Well Thank Goodness That’s Over!

Well Thank Goodness That’s Over!  Sad to say that is how I really feel after this holiday season……
Everywhere you turn there was bad news. People getting killed, riots, protests. The flu hit my little area of this world so that too is all over the news inflicting fear of even leaving ones home. No Snow For Christmas! !! Can you imagine in Minnesota? ?? Well it’s true!! Now if that doesn’t just piss a person off I am not sure what does! ! Personally I don’t remember a Christmas without snow. None of my kids came home,……now that was really a bummer.  I hate that they have lifes of there own!!! (Not really,…. just being selfish here….) Did I tell you I quit smoking? ?? Umm,…. yah maybe a bit of edginess still lingering.
Then in the midst of trying to keep a stiff upper lip and smile anyway,…… I got news of the one thing I so very much hate,…… GOSSIP. 
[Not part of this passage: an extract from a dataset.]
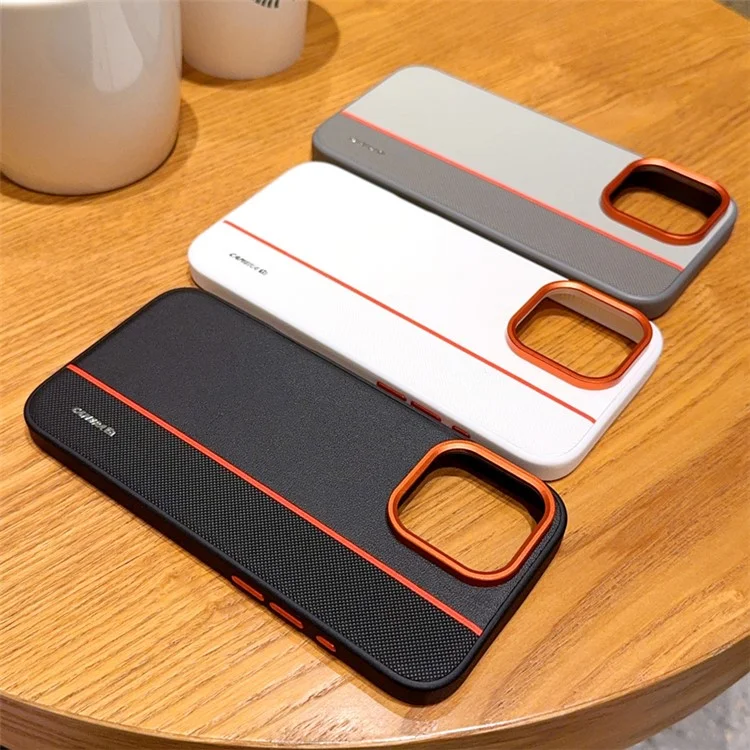 Coque pour iPhone 16 Pro Max Hybride PC + Cuir PU avec Bague de Lentille Métallique / Boutons - Blanc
Gossip is a killer. I would like to say silent killer but well,…. that would just be silly now wouldn’t it!  I moved to this Great Big City about eight years ago, from a little city in comparison. Yet never in my life have I heard so much GOSSIP!!!!! Nor have I ever seen the damage from  GOSSIP like I have since coming here.
What I mostly don’t understand is it was from a few people who claim to walk with a God. A few People who claim to work a program that teaches people to rise above such petty  nonsense, and to actually avoid such situations. Yet these people not only heartily participated they even encouraged one another. All of which was at my expense. 
Now one might ask how I know all of this and I will say,… Gossip,…. I suppose…. one of the participants came clean. For what reason?? I really don’t know. However I do know this, ……I really do not understand the benefits of Gossip, other than getting the focus off oneself. I do not understand why people speculate & create when if they really want an answer they only need to ask. I also do not understand the need to know what others do or don’t do in their lives is of such great importance to some. Mostly I don’t understand how people who go out of their way to fabricate stoies or peices of stories look in the mirror every morning, and continue to look others in the eye.
I don’t imagine I will ever understand as really I never have, but I have decided that I am not going to continue to allow people like that in my life as the stress of the collateral damage is  more than I have to offer or defend.
It would seem that as my world changes around me from year to year….. the truly important things are the same. No Gossip or ingenuine people can ever change that.
So I guess next year I’ll be in Alaska, ….. where I hear they always have snow! !! AND I’m bringing my Grandchildren, my Dog, and MAYBE my Kids!!!!!